Bu ortaklık özü itibarile; Emperyal kuvvet, Kapital faşizm ve Firavun (saltanat-siyasal din evliliği Batı ve doğunun akıl almaz aynılığı) arzusunun binyıllar boyu Evanjelist örgüt elile devam etmesinden kaynaklanan ve uzun yıllar amaç birliği yemini etmiş vandal bir toplumdur. M.Ö. 3150 gelen ve M.S. 2030 yılına kadar sürecek olan ve mütemadiyen hortlayan bu sistem ve ona çanak tutan, gelişmesi mümkün olmayan insan güruhuna biz müdahale etmedikçe, sonsuza kadar bu düzen devam edip gidecektir.
Peki; 6000 yılı aşkın süredir, Mesih arzusu ile yaşayan bu şizofreniye izin vermeye devam etmeli miyiz?
Bunun sonunu getirmeden, onların bizlerle yaşamasına müsaade edecek miyiz?

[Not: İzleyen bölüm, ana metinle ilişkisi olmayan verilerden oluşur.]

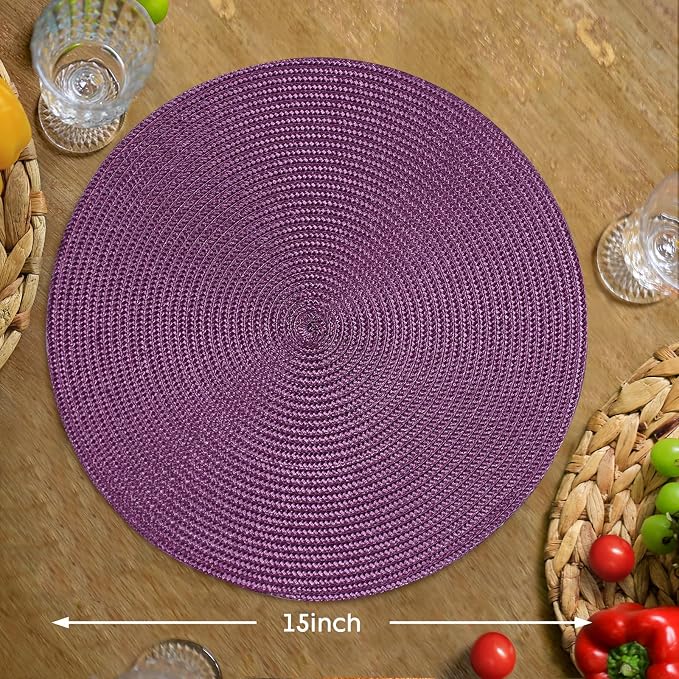 FunWheat Round Braided Placemats Set of 4 Table Mats for Dining Tables Woven Washable Non-Slip Place mats 15 inch(Purple,4pcs)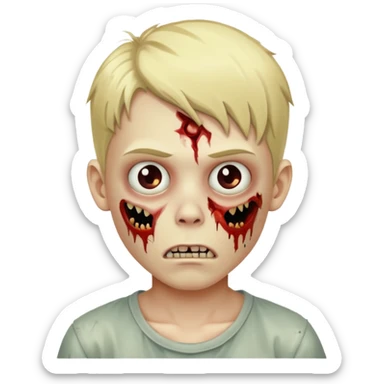 Create a zombie blonde boy sticker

Başa çıkılamayan yok etme ihtiraslarile karartılan tarihin sarmal halinde bize sunulduğunun farkında değil miyiz?
Artık değişme zamanı gelmedi mi?
Bu savaşın karşısında tek bir güç olduğunu biliyoruz. Halkların bilinçlenmesi ile gelen millet aydınlanmasının ulusal koruyuculuğu bize bırakılan yegâne ödev olduğunuda…
Şimdi lütfen tekrar tekrar düşünün.
Neyi neden istiyorum, neye neden susuyorum ve neye neden ses çıkarıyorum?
Ve en önemlisi neyi neden yapıyorum.?
Adaleti nerden kimin elinden alıyorum?
Devlet Mülk demektir ve Mülk onun için kan dökenlerin hakkıdır. Mülk namusun bekçisi, geleceğin huzurlu bahçesidir ve yalnızca faziletli ellerde yaşam bulabilecek bir cennettir. Adalet ise bu mülkün tecellisidir.
Bir gün ATATÜRK’ü anladığınızda iş işten geçmiş olabilir.
İnancım asla bitmeyecek bir erdemin mahiyetinde, Türk aklile tezahür edecektir.